Crawled caption data
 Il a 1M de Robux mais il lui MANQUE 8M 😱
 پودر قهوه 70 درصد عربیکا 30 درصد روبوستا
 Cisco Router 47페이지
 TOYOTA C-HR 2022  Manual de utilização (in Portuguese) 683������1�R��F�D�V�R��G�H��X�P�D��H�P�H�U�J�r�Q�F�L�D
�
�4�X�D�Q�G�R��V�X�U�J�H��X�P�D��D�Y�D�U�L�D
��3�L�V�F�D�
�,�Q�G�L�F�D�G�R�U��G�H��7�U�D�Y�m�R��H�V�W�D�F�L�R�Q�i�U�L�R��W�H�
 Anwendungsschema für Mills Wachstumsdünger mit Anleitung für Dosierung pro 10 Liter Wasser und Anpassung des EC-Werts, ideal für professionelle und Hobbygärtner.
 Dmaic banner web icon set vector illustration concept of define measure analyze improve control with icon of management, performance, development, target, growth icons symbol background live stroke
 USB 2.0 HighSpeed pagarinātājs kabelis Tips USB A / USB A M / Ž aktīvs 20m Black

> _YOUR OBJECTIVE_: Up to and including the line with "Anwendungsschema für Mills", transcribe the entries above exactly, starting from their first line.

> _RESULT OF THE TASK_:
 Il a 1M de Robux mais il lui MANQUE 8M 😱
 پودر قهوه 70 درصد عربیکا 30 درصد روبوستا
 Cisco Router 47페이지
 TOYOTA C-HR 2022  Manual de utilização (in Portuguese) 683������1�R��F�D�V�R��G�H��X�P�D��H�P�H�U�J�r�Q�F�L�D
�
�4�X�D�Q�G�R��V�X�U�J�H��X�P�D��D�Y�D�U�L�D
��3�L�V�F�D�
�,�Q�G�L�F�D�G�R�U��G�H��7�U�D�Y�m�R��H�V�W�D�F�L�R�Q�i�U�L�R��W�H�
 Anwendungsschema für Mills Wachstumsdünger mit Anleitung für Dosierung pro 10 Liter Wasser und Anpassung des EC-Werts, ideal für professionelle und Hobbygärtner.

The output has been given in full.